## How to complete this task
The response should consist solely of the line containing "Villa Montini mit Pool und Meerblick-Outside" and the lines after it through the end of the listing below, repeated exactly.

## Supplied information
----
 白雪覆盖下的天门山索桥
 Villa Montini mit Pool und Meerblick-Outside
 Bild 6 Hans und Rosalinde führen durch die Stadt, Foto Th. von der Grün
----
## Solution below
 Villa Montini mit Pool und Meerblick-Outside
 Bild 6 Hans und Rosalinde führen durch die Stadt, Foto Th. von der Grün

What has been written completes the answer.